U.S. special envoy Robert Malley meanwhile said Sunday that the United States will maintain sanctions on Iran's Revolutionary Guards even if there is a deal to limit the country's nuclear program.
Iran has insisted that a revived nuclear accord, which diplomats say is close, is conditional on the Islamic Revolutionary Guard Corps (IRGC) being taken off a U.S. terrorist list.
But Malley, the U.S. envoy for Iran talks, told a conference in Doha: "The IRGC will remain sanctioned under U.S. law and our perception of the IRGC will remain."
The Guards are on the list because of Iran's action supporting the Syrian government, Yemen's Huthi rebels and the Lebanese group Hizbullah.
EU foreign policy chief Josep Borrell told the Doha Forum on Saturday that a revived nuclear accord would be sealed in "a matter of days."
Iran has been engaged in negotiations to revive the accord with Britain, China, France, Germany and Russia directly and the United States indirectly since April 2021.
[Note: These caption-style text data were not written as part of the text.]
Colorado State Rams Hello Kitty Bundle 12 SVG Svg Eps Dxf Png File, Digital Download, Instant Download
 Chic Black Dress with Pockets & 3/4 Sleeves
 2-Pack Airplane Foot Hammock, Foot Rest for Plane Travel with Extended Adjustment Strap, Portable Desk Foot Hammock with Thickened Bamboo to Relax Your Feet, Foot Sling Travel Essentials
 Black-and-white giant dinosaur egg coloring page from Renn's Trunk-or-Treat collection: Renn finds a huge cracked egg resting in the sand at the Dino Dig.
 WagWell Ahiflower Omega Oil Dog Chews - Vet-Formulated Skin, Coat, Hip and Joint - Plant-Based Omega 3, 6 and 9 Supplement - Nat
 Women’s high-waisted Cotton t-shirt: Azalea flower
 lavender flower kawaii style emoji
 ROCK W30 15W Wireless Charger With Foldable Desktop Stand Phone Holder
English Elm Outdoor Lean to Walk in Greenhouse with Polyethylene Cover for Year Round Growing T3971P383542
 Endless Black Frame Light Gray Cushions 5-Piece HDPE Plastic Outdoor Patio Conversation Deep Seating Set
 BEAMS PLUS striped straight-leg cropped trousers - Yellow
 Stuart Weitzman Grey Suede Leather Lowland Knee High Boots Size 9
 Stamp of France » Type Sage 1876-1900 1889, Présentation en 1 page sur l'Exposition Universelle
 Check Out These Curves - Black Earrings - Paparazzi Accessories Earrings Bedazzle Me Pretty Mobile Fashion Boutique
The European Union's coordinator for the Vienna talks, Enrique Mora, is in Tehran where he is hoping to find a way to hammer out remaining differences.
But Malley cautioned at the Doha Forum of political and business leaders that a deal was not "inevitable" and not "just around the corner".
"We're pretty close," he said of the negotiations, but added: "We've been pretty close now for some time. And I think that tells you all you need to know about the difficulty of the issues."
Just before Malley spoke, Sayyid Kamal Kharrazi, a former Iranian foreign minister and now advisor to the country's supreme leader, stressed the importance of the Guards -- Iran's ideological army.
"Yes it's imminent but it depends on the political will of the United States," Kharrazi said of the deal intended to replace one that the United States withdrew from in 2018.
"IRGC, certainly it has to be removed," he said.
"The IRGC is the national army and the national army cannot be listed as a terrorist group," he said.
The United States designated the Guards as a "foreign terrorist organization" under then-president Donald Trump in April 2019.
It came the year after Trump unilaterally withdrew the United States from the 2015 nuclear deal, known formally as the Joint Comprehensive Plan of Action.
Kharrazi also said Iran wanted guarantees that the United States would not withdraw again from the deal. Malley said there could be no guarantee after President Joe Biden's term ends.